October 24, 2014Ben MK


   

A couple pull their vehicle into a secluded wooded area, looking to steal some time alone together. A masked stranger emerges from the darkness, brandishing a large hunting knife. He orders the young lovers out of the car, forces the boy onto the ground, then repeatedly plunges the blade into his back, while the girl flees screaming into the night. It's the kind of scene that ought to be familiar to fans of the slasher genre, but this isn't just any old slasher film. This is The Town That Dreaded Sundown — 2014 edition — not a sequel, not a remake, but a metafictional homage, if you will.

The story unfolds in 2013 Texarkana — a unique little town straddling the Texas-Arkansas border — 67 years after a series of grisly slayings, committed by the so-called "Phantom Killer", gripped its citizens with fear and changed the town forever.
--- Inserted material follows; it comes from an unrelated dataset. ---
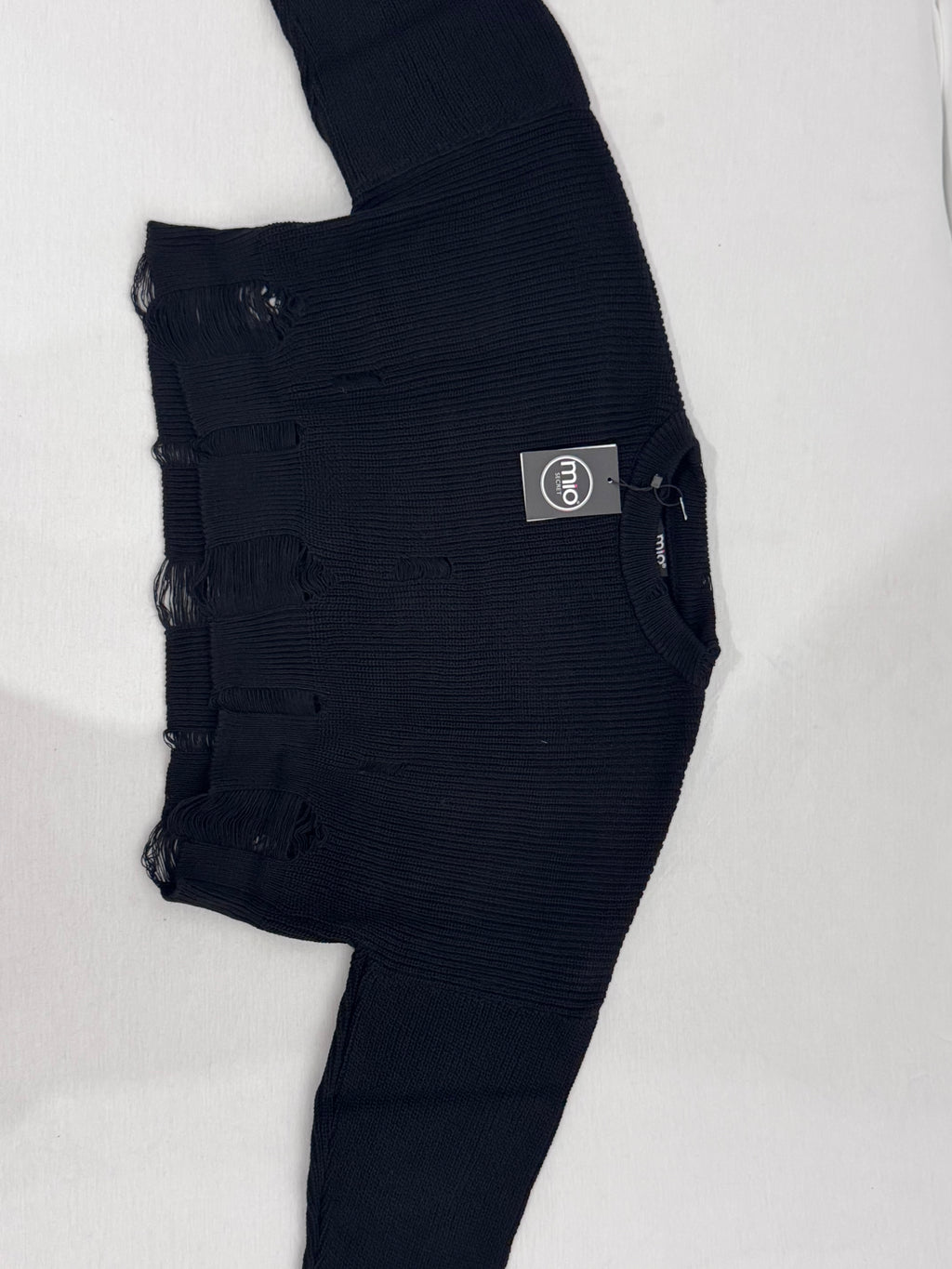 Черна плетена черна блуза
The culprit was never caught, and the real-life crimes became the inspiration for the 1976 film of the same name, which the townsfolk screen annually on Halloween. This year, however, someone intends to commemorate the occasion like never before, by staging a whole new series of gruesome killings; and it's up to a local teen (Addison Timlin) — who herself narrowly escaped death at the hands of this copycat murderer — to unmask him and bring an end to this new wave of terror.

Aspiring for the film to be something more than your run-of-the-mill genre entry, director Alfonso Gomez-Rejon takes a page out of Wes Craven's Scream playbook, bringing a sense of self-awareness to the project that helps to distinguish it from the usual fare. Still, the movie is at its best when it embraces the tropes. Its murder scenes stun with their swift ferocity and sheer brutality. The stylish, often slightly-askew, cinematography infuses every scene with foreboding dread. And pulse-pounding sound design will keep filmgoers on the edge of their seats. A skilled cast of familiar faces — including Veronica Cartwright, Gary Cole and Dennis O'Hare — is just the icing on the bloody cake. No sir, nothin' to dread here.